Ignoring these and other pre-1619 slaves “effectively erases the memory of many more African peoples than it memorializes,” the Smithsonian Magazine article argued. Therefore, the New York Times project “silences the memory of the more than 500,000 African men, women, and children who had already crossed the Atlantic against their will, aided and abetted Europeans in their endeavors, provided expertise and guidance in a range of enterprises, suffered, died, and – most importantly – endured.”
Ouch!
The New York Times also had to make a rather embarrassing correction shortly after launching the project. Hannah-Jones had claimed that “one of the primary reasons” the American colonists revolted against Britain in 1776 was to preserve the institution of slavery. Slavery was not one of the motivating factors of the revolution. In fact, the revolution disrupted slavery. The Times eventually posted an embarrassing correction.
Citing these and other errors, scholars have demanded that the Pulitzer Prize board revoke the prize awarded to Hannah-Jones and the 1619 Project.
Scholars Demand Pulitzer Board Revoke Prize Over ‘Glaring Historical Fallacy’ in 1619 Project
Of course, the 1619 Project is also false in a much deeper sense. Its narrative delegitimizes the very real benefits of American freedom and prosperity by claiming that racist oppression is the central truth behind the country’s ideals, while in truth the country was founded in pursuit of freedom and equality but the Founders allowed slavery to persist, laying the groundwork to defeat it eventually.
Schools should teach about America’s noble ideals and its struggle to achieve them, along with the horrific moral stain of race-based slavery. Yet Marxist critical race theory claims that race-based slavery spoiled the whole project. According to this ideology, the central aspect of society is racial oppression — the historic abuses white people have committed against people of other races. “White supremacy” secretly rules everything, even when policies explicitly consider people on the content of their character rather than the color of their skin.
It does not matter that American law expressly forbids racial discrimination, according to this theory. If white people have more money than black people, that is ipso facto proof of white supremacy, regardless of how Asians are doing and regardless of the true reasons behind any disparity.
The Smithsonian briefly showed how this works when it published a “teaching tool” infographic on “whiteness.” That infographic claimed that the nuclear family, science, capitalism, the Judeo-Christian tradition, individualism, “objective, rational linear thinking,” and even values such as “be polite” are aspects of oppressive whiteness. The Smithsonian rightly removed the graphic after facing criticism, but this noxious ideology has spread throughout American society.
Marxist critical race theory inspired much of the destruction of the Black Lives Matter and antifa riots over the summer. While protesters rightly expressed outrage at the treatment of George Floyd, many of the protests devolved into looting, vandalism, and arson in which lawless thugs — acting in the name of fighting racism — destroyed black lives, black livelihoods, and black monuments.
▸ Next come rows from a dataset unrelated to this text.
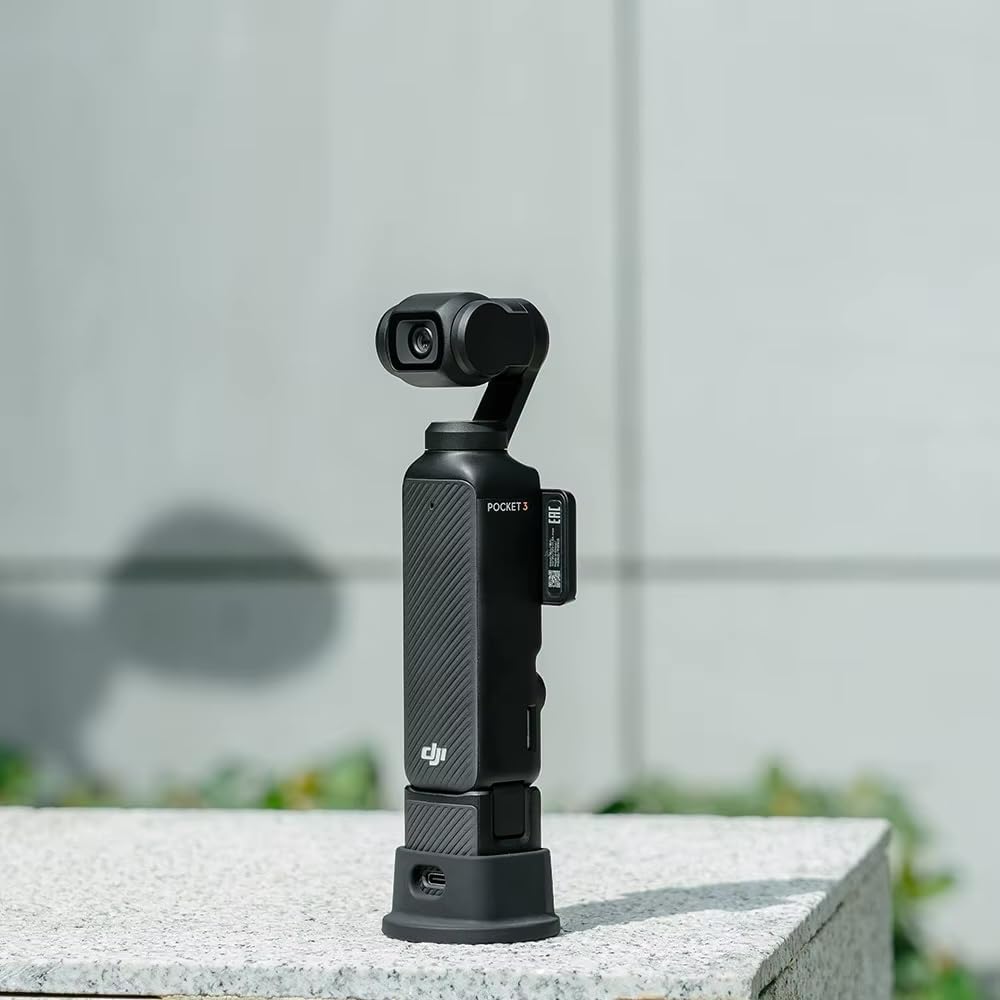 REFLEX CAMERA Desktop Mount Works with DJI Osmo Pocket 3 – Silicone Non-Slip Base, Lightweight Durable 2.36"/2.56" Holder Stand for Stable Filming, Vlogging, Time-Lapse, Photography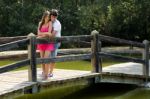 Attractive Couple In Countryside Stock Photo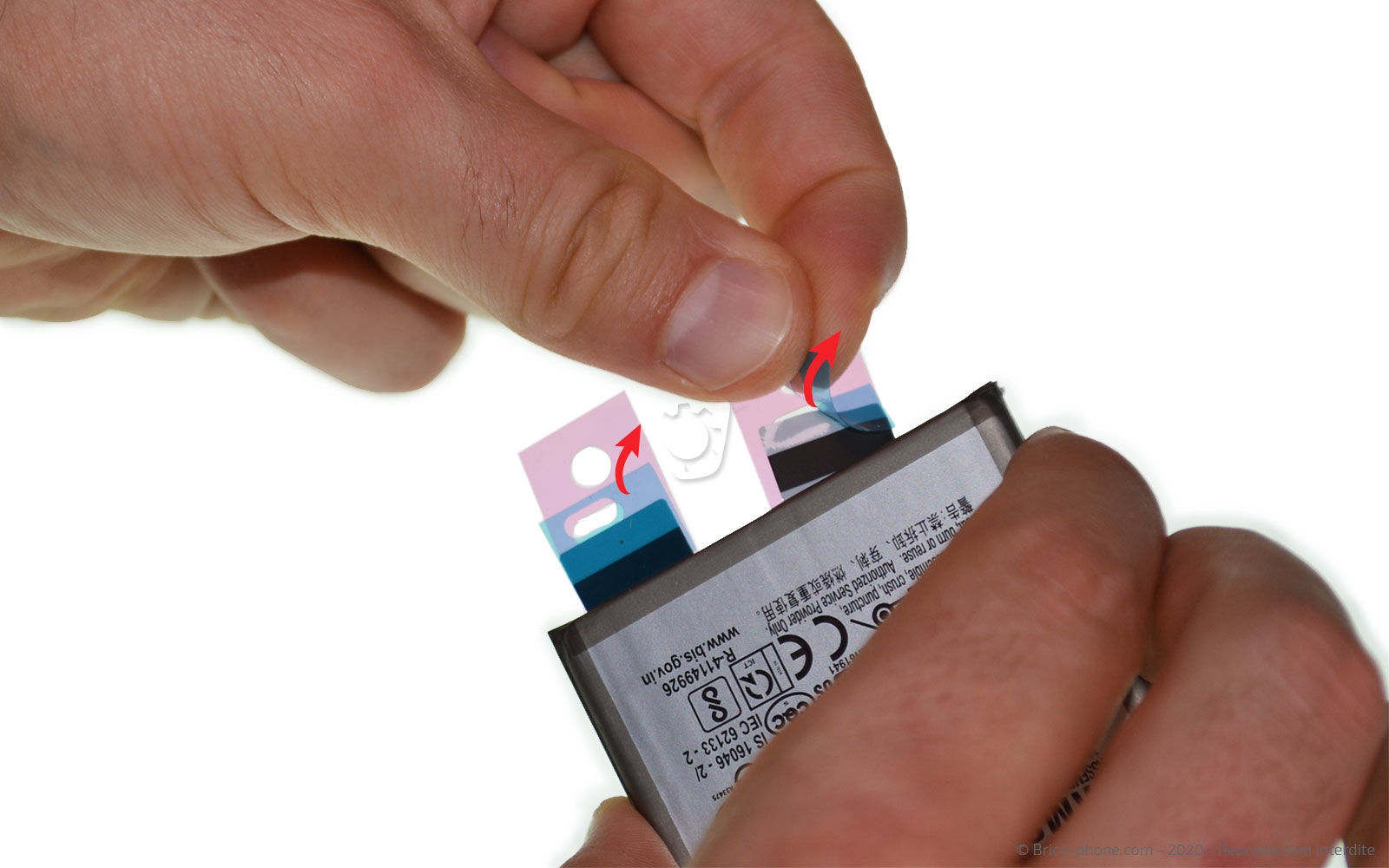 Changement du bloc écran sur Galaxy A41 photo 2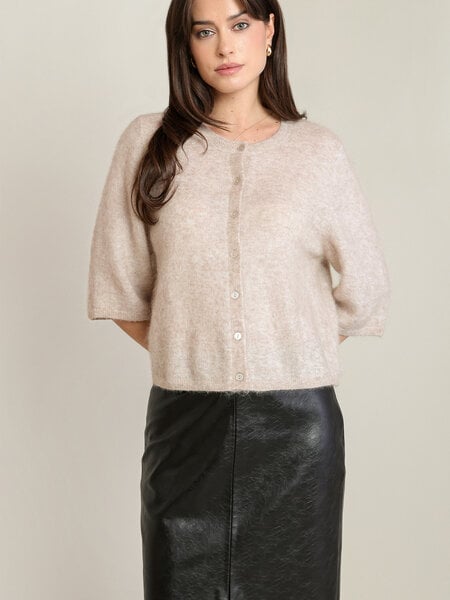 Black Tape Short Sleeve Cardigan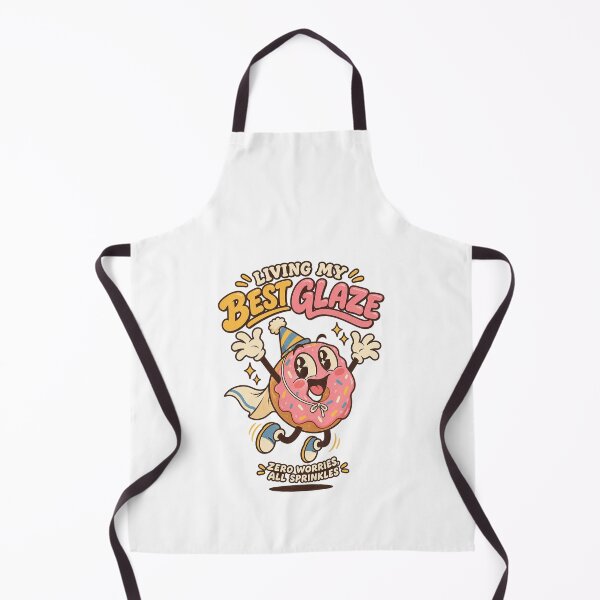Item preview, Joyful Donut Jumping With Sprinkles Flying designed and sold by HoopeStylee.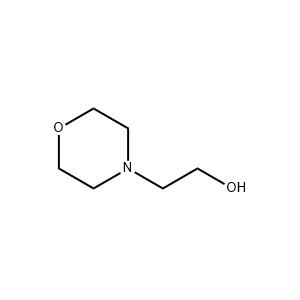 Molecular Structure of 4-(2-Hydroxyethyl)morpholine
When vandals toppled a statue of George Washington in Portland, they spray-painted “1619” on the statue. When Claremont’s Charles Kesler wrote in The New York Post, “Call them the 1619 riots,” Hannah-Jones responded (in a since-deleted tweet) that “it would be an honor” to claim responsibility for the destructive riots.
The 1619 Project does not belong in public schools, which aim to educate children to be good citizens. Schools should rely on real history, not this kind of ideological activism.